The train from Podgorica (starting on the coast in Bar) to Uzice (and continuing to Belgrade) passes through the spectacular mountain scenery of northern Montenegro, travelling through dozens of tunnels. The line was built in 1970s Yugoslavia, and given it's light use (two three-carriage trains per day), it's a marvel that it's still open, given the inevitable maintenance costs. My ticket cost €12, plus €3 for an obligatory seat.

More than an hour is added to the trip at the border, the train stopping at three stations: for Montenegran immigration, for Serbian customs, and for Serbian immigration (passport taken away to be stamped).

The full day-time journey leaves Bar at 9 am and arrives in Belgrade at 8 pm. Since Belgrade's main railway station was closed last June, for commercial development, the Bar train now arrives at the tiny Topcider station, four km south-west of the city centre.

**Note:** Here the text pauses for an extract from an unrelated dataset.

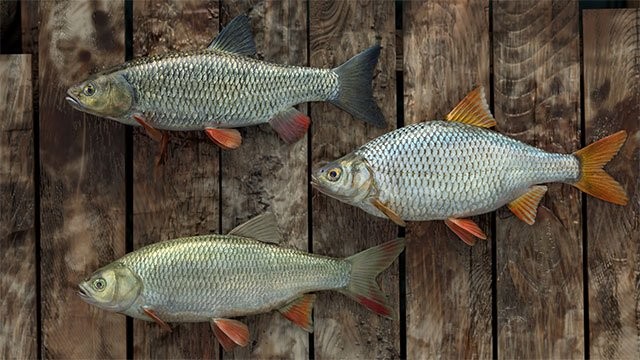 Professional Fishing cung cấp nhiều loại cá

Uzice is a pleasant town on the winding Dejinja River. It was the site of one of the first polyphase hydro-electric plants in Europe, opened in 1900, four years after the original at Niagara Falls. There is a small 14th century fortress on a bluff overlooking one end of the town. Uzice makes a good base for exploring the region, or passing through en route to or from Bosnia or Montenegro.

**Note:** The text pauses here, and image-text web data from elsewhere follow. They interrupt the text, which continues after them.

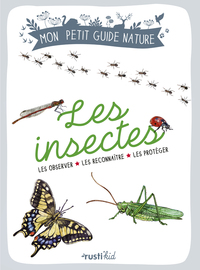 Image de Les insectes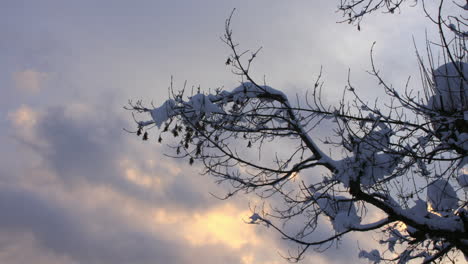 time lapse of clouds moving behind a snow covered tree branch with snow on, in evening light in the french alps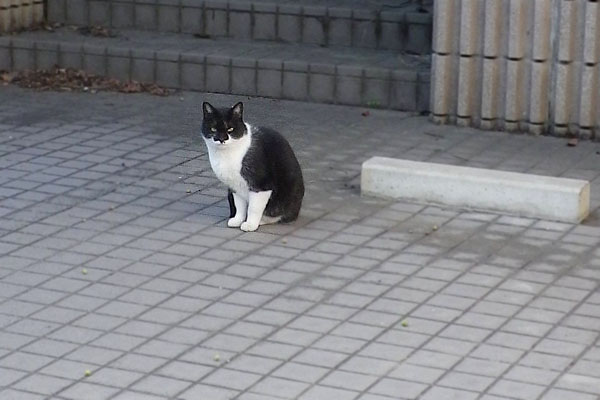 事務所のハチワレさん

I took a local bus 14 km up to the quirky white Kadinjača Memorial, built on top of a hill, with tremendous views all around, and with still a few patches of snow on the first day of March. It commemorates the 1941 resistance of Uzice partisans against superior German forces. The original pyramid memorial was built in 1952, and the strange white structures added in 1979, inaugurated by Josip Broz Tito less than a year before he died and Yugoslavia slipped inexorably towards implosion.

There are bus stops with rusty seatless shelters that look unchanged since then, but as buses are infrequent on country roads, I thumbed a lift back down into Uzice within five minutes, though few people speak much English.

Most trains from Uzice arrive at "Beograd Centar", a couple of km from the old railway station. It costs 666 RSD (£1 = 133 dinars), half the price of a bus.

I find Belgrade a grey, drab city, despite being cheap and allegedly having some of the best nightlife in Europe.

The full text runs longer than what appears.